- First appearance: "The Danger Within"
- Last appearance: "Blood and Fire"
- Created by: Lara Radulovich
- Portrayed by: Georgia Chara
- Duration: 2014–15
- Status: Deceased; strangled by Joan Ferguson
- Crime: Assault
- Sentence: 5 years

In-universe information
- Full name: Jessica Warner
- Nickname: Jess
- Occupation: Child Minder (formerly)
- Significant other: Matthew Fletcher
- Nationality: Australian

= Jess Warner =

Jessica Warner is a fictional character from the Australian television series Wentworth, portrayed by Georgia Chara. She made her first appearance during the season episode "The Danger Within," broadcast on 10 June 2014. Jess was murdered in the final episode of the third season.

==Storylines==

===Backstory===
The character's birth date was 9 July 1995. Bea (Danielle Cormack) bribed Linda Miles to do some digging on the new inmates, Linda told Bea that Jess’ record was sealed. Bea later confronted Jess in which Jess reveals that she was accused of murdering a child but was wrongly blamed. It was revealed in the season three finale that Jess did actually murder the baby.

===2014–15===
Jess is introduced in The Danger Within. When she is being processed by Will Jackson, Jess seems childish and insecure. When Will calls for assistance Jess quickly develops control of her emotions. Later in the episode after learning that her record was sealed, Bea attacked Jess believing that Jess was the hitman for the Holts.

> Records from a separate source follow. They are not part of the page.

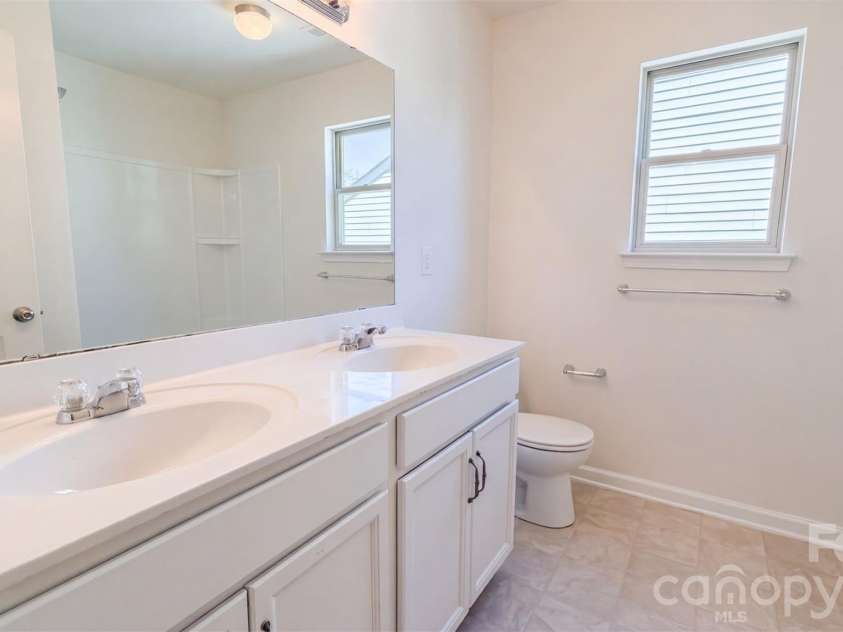 3807 Ernie Drive, Charlotte, NC 28269.  MLS# CAR4427050, YatesRealty ID 52229. 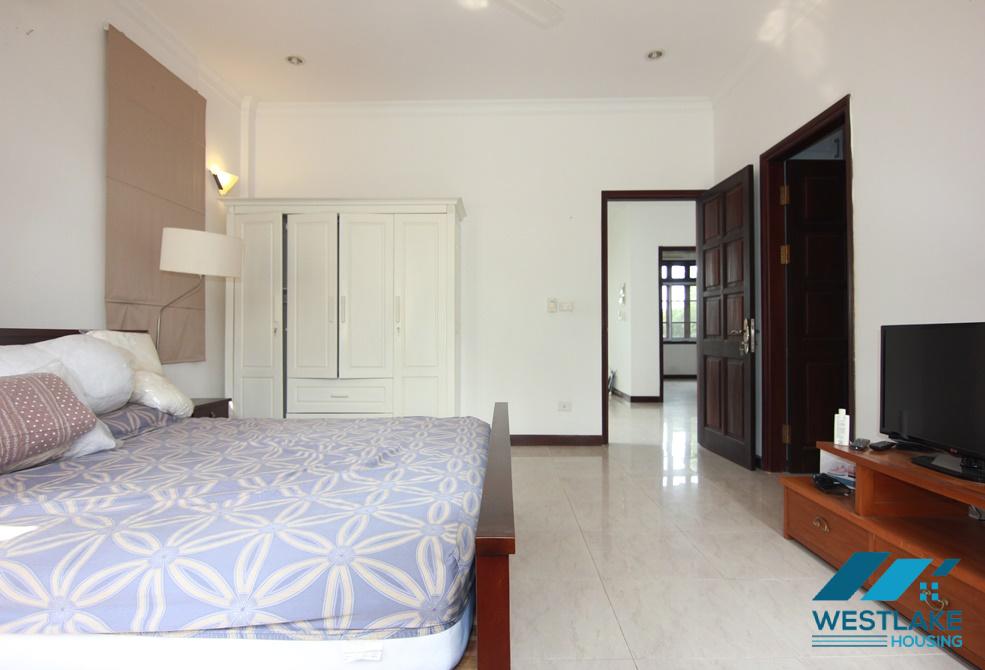 CHO THUÊ NHÀ SÂN VƯỜN ĐẸP  TẠI KHU C CIPUTRA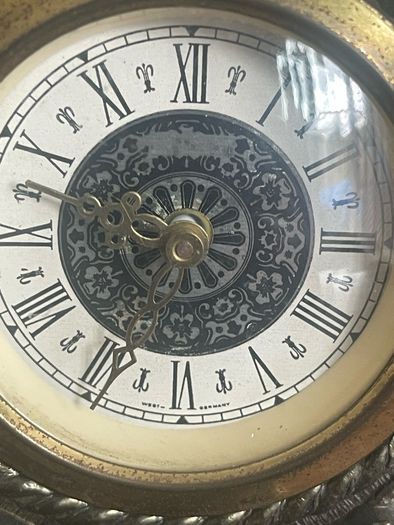 Lebber west German clock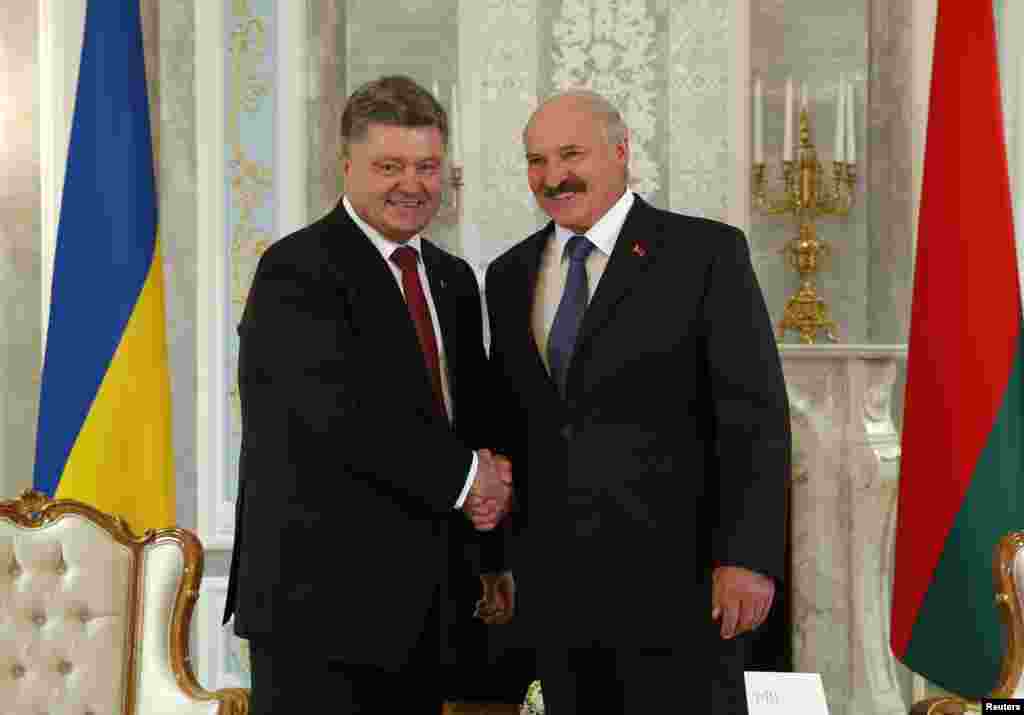 Belarus President Alexander Lukashenko, right, shakes hands with Ukrainian President Petro Poroshenko during their meeting in Minsk, Aug. 26, 2014.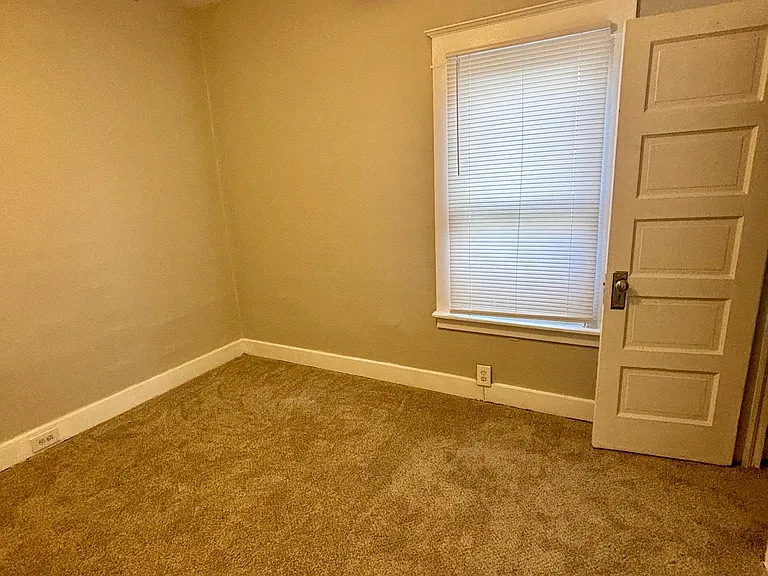 1015 Sale Ave — Photo 4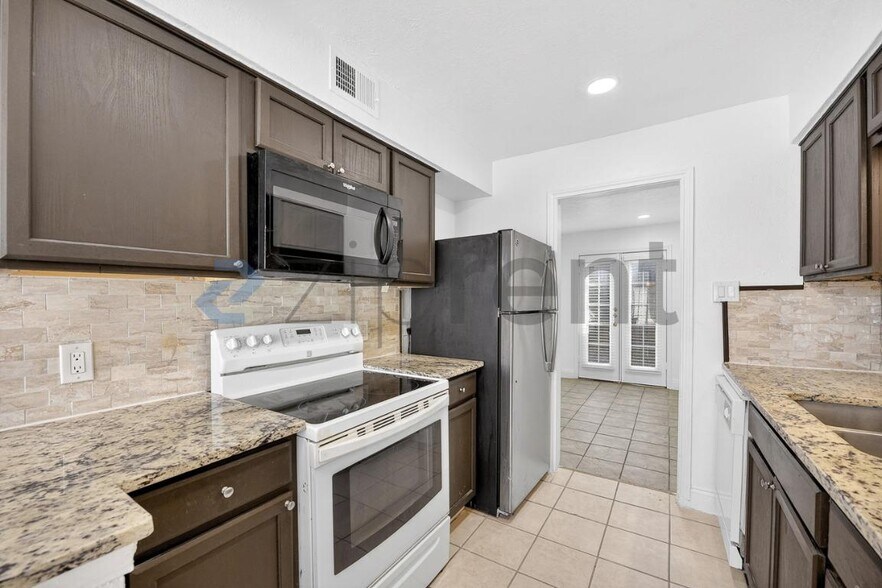 Building Photo - 4624 San Jacinto St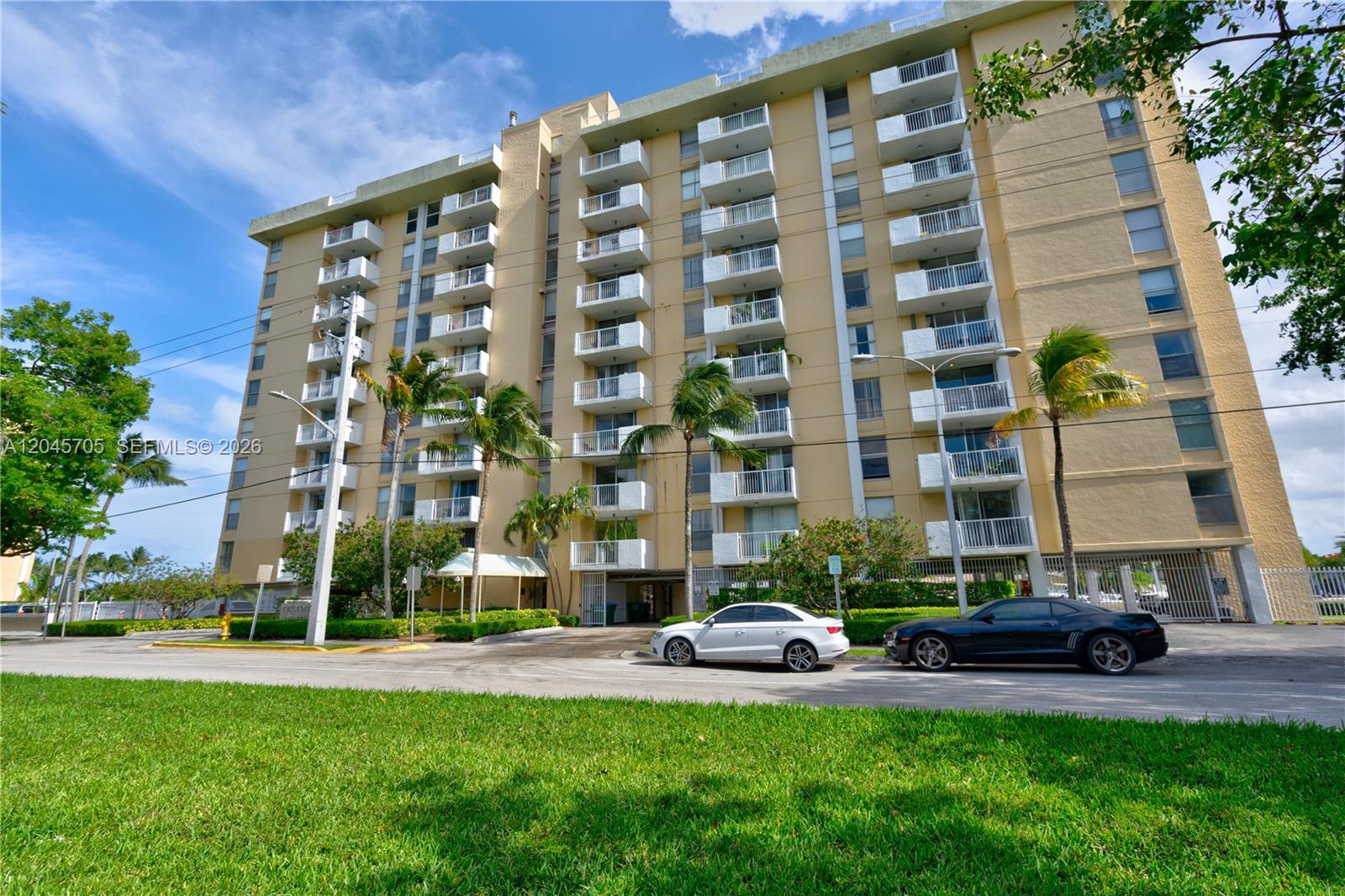 2000 NE 135th St # 908, North Miami FL 33181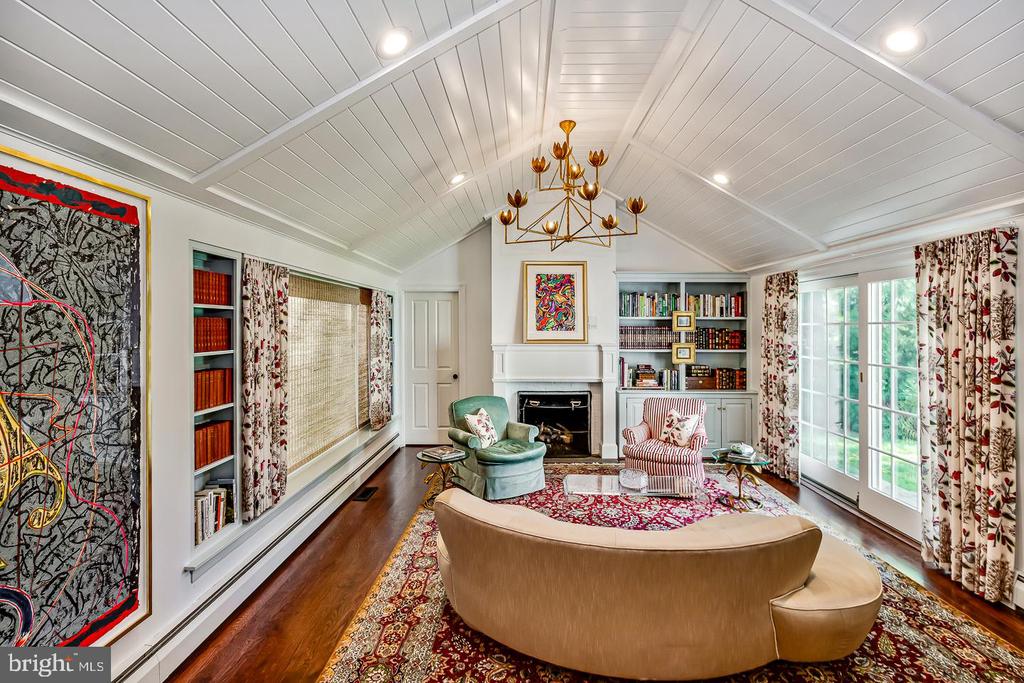 213 PINE TREE ROAD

Jess is briefly seen talking about Boomer and Franky's drug trafficking in the garden project in the dining room with Maxine.

In Sins of the Mother, Jess is attacked and stuck in a washing machine by Franky as Franky believes her to be the lagger.

Jess has sex with Matthew Fletcher in the shower rooms at Bea's request so she can get his pass card to retrieve a knife. Jess then watches in horror throughout Bea and Franky's battle.

Jess watches on as Franky announces that Bea is now top dog.

Throughout season three, Jess slowly becomes obsessed with Doreen being pregnant and then with the newly born baby Joshua. To estrange Doreen from Liz, Jess places bottles of alcohol in Liz's cell. When that plan fails, she attempts to make Doreen look like a bad mother.

After being told that she wouldn't be alternate carer, Jess kidnaps baby Joshua while Doreen is asleep. Jess attempts to smother Josh until she is stopped by Joan Ferguson, who strangles Jess to death and then covers up the death by burning her body. The fire rips through Cell Block H as Joan is arrested for her crimes.

Jess is later mentioned in the third episode of season 4, where Joan meets with Doreen while she is remanded at Wentworth Prison. Joan claims that Jess started the fire when Joan tried to take Josh away from him and that she perished in the blaze. This manipulation wins over Doreen's trust such that she foils an attack on Joan in the exercise yard.

Jess appeared to be inspired by the character of Lynn Warner from the first season of Prisoner. Sharing the same last name, both women are known for crying a lot and declaring their innocence. Both were accused of harming a child, but Lynn was not actually guilty of alleged attempted child murder.

==Reception==
When talking about who was the hitman against Bea, the Metro described Jess as "seemingly timid" and also stated "aside from blatantly fancying prison guard Fletch, is hiding a secret"

Geelong Advertiser described Jess as "a frightened, yet seductive prisoner" in an article talking about actress Chara.

In a review for Wentworth's third season, the reviewer described Jess as "creepy as ever".

Chara was included on the long-list for the Logie Award for Best New Talent for her role as Warner.

An AfterEllen review discussed Jess and said "I think it’s partly because she’s such an effective wolf in sheep’s clothing, whereas every other villain proudly owns their evil. But mostly it’s Georgia Chara’s performance, which combines tenderness and ruthlessness in a way I’ve never seen before. WAIT. Yes I have. Jess is like that bunny rabbit in Monty Python and the Holy Grail, that no one has the good sense to be afraid of because it looks so cute and sweet and innocent."